[YOUR ASSIGNMENT] Show every line of the data below that includes the word "Style".

»»

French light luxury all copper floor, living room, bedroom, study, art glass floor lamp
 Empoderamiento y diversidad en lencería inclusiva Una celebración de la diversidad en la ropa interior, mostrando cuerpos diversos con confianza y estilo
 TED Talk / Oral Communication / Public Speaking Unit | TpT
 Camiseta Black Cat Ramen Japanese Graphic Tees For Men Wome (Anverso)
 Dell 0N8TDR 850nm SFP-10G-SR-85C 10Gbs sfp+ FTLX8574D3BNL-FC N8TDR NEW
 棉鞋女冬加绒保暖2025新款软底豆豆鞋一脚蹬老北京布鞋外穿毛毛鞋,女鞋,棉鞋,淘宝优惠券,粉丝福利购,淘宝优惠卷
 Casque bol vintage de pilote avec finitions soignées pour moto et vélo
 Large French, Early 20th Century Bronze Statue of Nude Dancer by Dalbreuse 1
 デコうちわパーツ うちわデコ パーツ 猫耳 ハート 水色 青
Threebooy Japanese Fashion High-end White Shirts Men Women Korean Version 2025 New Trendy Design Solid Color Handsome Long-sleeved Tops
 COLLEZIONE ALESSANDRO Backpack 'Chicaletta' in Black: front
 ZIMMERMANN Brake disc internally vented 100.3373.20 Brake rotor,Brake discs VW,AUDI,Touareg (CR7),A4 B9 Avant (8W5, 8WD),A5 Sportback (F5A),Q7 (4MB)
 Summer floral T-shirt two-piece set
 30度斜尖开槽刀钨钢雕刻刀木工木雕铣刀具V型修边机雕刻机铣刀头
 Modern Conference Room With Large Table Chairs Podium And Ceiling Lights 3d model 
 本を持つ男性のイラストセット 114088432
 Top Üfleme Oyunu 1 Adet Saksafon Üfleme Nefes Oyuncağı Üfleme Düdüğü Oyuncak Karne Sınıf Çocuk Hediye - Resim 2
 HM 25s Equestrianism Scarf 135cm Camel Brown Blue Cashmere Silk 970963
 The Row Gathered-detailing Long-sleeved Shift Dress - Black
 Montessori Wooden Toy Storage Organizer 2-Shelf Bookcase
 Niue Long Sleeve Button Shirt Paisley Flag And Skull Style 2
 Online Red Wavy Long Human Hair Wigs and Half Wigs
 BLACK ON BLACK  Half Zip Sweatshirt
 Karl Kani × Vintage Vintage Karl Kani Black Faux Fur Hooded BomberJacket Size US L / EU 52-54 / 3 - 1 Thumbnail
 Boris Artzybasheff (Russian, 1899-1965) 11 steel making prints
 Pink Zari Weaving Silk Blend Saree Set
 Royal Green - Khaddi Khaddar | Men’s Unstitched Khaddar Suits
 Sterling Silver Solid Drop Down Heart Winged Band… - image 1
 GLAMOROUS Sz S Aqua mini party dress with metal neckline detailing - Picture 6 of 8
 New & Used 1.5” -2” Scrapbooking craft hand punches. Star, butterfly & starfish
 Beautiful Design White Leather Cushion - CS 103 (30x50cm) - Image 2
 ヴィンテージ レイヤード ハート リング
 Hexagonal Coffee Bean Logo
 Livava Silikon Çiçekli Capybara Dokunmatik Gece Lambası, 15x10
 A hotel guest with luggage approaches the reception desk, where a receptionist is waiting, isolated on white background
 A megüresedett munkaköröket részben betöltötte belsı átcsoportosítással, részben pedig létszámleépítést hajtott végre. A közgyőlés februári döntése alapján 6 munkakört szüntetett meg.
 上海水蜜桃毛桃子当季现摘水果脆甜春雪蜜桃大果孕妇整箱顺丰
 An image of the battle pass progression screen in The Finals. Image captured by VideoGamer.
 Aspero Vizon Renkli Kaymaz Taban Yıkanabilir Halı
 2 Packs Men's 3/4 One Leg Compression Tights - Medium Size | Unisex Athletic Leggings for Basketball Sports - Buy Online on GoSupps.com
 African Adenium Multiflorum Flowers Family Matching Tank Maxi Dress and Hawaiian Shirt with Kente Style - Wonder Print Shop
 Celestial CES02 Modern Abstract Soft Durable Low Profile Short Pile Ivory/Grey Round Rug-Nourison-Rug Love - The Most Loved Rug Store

««

[REPLY]
 Niue Long Sleeve Button Shirt Paisley Flag And Skull Style 2
 African Adenium Multiflorum Flowers Family Matching Tank Maxi Dress and Hawaiian Shirt with Kente Style - Wonder Print Shop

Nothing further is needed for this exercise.